- [Dataset records]
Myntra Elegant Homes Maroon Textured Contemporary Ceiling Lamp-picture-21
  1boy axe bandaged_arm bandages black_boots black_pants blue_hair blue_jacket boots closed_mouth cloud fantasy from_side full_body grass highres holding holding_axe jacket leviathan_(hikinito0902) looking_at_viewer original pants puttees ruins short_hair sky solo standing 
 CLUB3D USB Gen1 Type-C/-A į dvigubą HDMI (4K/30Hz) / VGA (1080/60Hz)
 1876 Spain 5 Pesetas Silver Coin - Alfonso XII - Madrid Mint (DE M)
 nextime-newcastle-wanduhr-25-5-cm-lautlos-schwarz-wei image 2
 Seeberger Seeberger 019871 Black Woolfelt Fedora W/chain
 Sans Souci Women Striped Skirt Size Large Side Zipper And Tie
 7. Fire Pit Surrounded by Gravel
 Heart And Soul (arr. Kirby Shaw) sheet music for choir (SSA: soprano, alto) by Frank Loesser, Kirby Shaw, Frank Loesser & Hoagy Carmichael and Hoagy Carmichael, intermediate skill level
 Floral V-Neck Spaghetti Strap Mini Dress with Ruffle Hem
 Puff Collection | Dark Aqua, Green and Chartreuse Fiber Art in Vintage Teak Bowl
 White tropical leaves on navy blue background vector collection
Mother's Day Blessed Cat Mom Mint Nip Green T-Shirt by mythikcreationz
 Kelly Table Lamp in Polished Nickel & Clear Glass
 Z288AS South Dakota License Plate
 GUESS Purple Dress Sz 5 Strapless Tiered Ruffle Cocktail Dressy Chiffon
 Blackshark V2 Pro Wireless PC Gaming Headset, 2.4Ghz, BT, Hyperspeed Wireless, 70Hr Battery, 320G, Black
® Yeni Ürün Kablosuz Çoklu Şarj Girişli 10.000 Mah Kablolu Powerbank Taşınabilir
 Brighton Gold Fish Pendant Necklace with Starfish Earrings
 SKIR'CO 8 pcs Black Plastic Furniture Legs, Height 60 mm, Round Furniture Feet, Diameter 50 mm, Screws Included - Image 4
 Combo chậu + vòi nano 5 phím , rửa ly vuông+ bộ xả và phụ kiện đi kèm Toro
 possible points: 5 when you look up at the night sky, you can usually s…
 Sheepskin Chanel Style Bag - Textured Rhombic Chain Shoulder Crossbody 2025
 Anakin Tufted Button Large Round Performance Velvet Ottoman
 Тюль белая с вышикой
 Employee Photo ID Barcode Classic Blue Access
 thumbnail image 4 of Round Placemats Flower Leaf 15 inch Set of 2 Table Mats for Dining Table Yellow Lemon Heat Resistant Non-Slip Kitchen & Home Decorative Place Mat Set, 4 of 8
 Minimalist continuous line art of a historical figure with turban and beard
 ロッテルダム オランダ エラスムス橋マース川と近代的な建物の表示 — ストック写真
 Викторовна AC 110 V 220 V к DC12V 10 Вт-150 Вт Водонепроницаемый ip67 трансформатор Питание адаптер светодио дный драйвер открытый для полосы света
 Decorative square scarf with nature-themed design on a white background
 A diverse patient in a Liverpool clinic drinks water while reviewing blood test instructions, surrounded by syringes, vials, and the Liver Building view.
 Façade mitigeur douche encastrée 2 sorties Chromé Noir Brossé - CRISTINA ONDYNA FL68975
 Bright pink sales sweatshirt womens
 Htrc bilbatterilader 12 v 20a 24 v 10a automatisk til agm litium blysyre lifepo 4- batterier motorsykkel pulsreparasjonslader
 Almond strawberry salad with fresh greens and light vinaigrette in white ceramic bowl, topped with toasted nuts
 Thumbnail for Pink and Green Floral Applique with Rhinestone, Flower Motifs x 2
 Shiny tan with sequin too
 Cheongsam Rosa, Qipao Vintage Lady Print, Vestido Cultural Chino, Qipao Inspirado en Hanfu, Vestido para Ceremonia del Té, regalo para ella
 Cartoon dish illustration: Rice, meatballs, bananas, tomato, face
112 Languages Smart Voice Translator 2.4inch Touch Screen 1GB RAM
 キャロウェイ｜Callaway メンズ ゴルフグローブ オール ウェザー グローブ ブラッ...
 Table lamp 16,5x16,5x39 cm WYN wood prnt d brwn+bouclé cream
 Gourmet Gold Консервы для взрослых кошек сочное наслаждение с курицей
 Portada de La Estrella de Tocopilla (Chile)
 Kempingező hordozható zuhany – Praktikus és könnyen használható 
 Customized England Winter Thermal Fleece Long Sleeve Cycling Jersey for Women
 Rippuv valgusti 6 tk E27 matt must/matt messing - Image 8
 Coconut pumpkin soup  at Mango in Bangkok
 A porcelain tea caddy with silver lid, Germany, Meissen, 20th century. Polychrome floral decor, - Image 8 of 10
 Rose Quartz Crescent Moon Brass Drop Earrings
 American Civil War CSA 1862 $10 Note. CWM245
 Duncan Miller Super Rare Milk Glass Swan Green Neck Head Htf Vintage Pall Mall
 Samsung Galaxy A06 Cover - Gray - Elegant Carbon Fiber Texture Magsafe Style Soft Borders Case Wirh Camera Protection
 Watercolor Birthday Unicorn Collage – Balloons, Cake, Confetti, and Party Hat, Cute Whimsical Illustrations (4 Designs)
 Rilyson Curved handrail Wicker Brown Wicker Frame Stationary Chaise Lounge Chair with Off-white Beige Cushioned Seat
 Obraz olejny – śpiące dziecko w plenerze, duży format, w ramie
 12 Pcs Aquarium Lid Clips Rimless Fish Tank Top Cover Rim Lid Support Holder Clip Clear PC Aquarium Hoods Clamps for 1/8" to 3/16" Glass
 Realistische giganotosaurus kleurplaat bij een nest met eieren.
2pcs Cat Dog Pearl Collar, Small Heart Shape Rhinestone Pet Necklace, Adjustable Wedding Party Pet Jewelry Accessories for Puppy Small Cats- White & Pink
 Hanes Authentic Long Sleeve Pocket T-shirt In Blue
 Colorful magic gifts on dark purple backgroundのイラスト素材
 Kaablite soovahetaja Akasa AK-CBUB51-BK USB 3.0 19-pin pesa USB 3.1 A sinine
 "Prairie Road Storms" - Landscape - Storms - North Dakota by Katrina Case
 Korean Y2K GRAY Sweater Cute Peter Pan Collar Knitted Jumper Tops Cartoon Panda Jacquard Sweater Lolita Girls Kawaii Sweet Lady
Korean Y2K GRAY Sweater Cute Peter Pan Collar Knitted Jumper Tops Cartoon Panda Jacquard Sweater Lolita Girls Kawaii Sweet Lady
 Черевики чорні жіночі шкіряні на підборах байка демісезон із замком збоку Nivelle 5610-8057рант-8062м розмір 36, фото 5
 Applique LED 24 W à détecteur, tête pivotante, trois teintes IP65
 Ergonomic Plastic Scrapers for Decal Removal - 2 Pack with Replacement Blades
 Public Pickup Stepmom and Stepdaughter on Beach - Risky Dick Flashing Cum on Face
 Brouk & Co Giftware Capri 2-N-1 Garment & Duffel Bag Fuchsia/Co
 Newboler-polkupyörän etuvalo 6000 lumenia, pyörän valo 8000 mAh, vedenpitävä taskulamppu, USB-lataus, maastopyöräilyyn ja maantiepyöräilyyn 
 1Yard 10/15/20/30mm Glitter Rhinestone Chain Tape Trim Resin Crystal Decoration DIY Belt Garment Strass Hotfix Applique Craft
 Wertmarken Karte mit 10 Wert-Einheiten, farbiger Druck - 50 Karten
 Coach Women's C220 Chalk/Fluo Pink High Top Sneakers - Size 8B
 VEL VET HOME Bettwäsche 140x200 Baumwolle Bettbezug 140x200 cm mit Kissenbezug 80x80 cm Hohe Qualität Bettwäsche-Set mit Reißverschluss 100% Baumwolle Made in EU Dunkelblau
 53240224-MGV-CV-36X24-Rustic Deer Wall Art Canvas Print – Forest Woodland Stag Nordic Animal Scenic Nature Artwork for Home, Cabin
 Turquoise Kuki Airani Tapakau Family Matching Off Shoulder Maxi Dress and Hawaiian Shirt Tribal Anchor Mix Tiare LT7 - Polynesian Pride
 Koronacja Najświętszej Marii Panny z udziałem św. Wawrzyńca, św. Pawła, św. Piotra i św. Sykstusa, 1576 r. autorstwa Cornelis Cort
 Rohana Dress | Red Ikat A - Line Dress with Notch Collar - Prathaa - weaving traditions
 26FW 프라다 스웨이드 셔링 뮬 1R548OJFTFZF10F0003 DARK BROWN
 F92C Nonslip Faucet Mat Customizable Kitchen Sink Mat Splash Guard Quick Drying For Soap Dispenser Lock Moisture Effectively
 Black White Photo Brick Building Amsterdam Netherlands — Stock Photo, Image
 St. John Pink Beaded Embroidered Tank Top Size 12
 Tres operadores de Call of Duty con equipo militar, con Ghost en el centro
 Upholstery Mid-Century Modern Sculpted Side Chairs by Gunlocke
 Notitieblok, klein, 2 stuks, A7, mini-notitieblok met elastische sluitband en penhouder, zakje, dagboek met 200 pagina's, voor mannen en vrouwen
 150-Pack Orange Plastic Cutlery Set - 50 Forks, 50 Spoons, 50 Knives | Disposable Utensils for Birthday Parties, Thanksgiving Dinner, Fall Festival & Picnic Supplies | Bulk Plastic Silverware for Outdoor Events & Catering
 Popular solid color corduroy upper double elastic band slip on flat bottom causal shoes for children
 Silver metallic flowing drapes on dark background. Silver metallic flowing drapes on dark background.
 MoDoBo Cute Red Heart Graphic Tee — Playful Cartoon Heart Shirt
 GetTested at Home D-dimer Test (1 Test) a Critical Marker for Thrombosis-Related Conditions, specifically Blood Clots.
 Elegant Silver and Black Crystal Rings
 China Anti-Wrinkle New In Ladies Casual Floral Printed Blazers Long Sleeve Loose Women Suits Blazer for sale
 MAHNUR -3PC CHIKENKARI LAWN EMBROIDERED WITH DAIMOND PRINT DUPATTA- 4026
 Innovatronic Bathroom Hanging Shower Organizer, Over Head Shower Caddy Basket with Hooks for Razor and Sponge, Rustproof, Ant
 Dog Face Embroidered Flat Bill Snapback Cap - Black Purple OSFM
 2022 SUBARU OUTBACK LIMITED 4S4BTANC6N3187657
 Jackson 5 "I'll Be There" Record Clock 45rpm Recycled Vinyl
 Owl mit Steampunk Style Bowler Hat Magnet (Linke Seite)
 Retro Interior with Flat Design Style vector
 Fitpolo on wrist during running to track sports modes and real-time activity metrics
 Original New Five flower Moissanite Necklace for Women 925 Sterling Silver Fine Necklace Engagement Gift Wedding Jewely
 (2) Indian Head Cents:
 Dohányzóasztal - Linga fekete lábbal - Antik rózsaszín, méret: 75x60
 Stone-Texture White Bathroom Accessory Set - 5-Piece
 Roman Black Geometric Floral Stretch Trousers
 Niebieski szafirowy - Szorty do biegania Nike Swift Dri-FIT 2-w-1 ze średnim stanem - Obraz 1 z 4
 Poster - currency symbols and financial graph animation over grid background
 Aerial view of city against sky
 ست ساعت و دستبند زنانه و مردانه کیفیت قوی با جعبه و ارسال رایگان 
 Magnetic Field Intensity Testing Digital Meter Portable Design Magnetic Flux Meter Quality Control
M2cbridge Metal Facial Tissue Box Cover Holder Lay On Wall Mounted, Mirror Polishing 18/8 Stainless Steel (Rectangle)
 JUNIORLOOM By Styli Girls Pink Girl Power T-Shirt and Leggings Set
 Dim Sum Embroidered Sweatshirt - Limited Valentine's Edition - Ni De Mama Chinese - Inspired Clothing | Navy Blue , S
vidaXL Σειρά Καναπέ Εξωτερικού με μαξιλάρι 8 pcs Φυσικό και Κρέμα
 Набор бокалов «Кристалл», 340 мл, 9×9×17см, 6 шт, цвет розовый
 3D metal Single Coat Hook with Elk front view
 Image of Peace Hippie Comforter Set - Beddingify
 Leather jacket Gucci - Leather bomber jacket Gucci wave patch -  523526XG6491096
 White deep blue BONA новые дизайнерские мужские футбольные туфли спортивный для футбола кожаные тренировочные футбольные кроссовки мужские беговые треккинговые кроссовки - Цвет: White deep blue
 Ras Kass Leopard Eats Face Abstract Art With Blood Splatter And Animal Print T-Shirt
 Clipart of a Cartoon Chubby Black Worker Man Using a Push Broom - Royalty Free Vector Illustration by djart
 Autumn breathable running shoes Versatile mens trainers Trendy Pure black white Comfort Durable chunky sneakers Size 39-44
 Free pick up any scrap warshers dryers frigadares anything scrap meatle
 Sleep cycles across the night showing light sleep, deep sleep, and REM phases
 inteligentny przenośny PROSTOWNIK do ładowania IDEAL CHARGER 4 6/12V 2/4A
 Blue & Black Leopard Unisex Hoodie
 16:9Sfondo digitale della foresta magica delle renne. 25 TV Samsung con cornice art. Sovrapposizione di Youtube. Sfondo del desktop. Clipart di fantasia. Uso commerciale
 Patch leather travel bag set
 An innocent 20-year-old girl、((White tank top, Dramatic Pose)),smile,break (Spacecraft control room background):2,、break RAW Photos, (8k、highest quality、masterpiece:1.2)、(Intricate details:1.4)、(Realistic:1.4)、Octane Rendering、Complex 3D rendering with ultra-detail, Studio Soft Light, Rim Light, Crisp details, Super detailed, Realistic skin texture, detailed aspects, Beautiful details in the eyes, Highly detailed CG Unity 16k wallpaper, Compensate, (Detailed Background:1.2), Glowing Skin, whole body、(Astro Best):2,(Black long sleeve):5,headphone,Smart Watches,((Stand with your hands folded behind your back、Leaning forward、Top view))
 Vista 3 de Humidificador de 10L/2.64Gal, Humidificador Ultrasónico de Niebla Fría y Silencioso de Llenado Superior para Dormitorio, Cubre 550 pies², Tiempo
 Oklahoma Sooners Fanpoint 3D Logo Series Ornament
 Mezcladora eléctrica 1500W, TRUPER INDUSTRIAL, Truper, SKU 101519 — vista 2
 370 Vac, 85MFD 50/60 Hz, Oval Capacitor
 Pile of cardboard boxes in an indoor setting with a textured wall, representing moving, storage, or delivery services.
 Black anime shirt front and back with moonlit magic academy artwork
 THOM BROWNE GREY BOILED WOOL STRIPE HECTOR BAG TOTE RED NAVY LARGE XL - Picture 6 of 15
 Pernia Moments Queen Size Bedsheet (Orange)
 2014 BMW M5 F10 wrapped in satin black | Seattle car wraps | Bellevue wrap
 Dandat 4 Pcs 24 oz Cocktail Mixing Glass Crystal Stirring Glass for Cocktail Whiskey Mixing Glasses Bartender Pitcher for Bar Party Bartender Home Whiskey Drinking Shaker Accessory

- [Prompt]
Looking at the data above, return every line from the one with "St. John Pink" down to the one with "Notitieblok, klein, 2", exactly and inclusively.

- [Problem solution]
 St. John Pink Beaded Embroidered Tank Top Size 12
 Tres operadores de Call of Duty con equipo militar, con Ghost en el centro
 Upholstery Mid-Century Modern Sculpted Side Chairs by Gunlocke
 Notitieblok, klein, 2 stuks, A7, mini-notitieblok met elastische sluitband en penhouder, zakje, dagboek met 200 pagina's, voor mannen en vrouwen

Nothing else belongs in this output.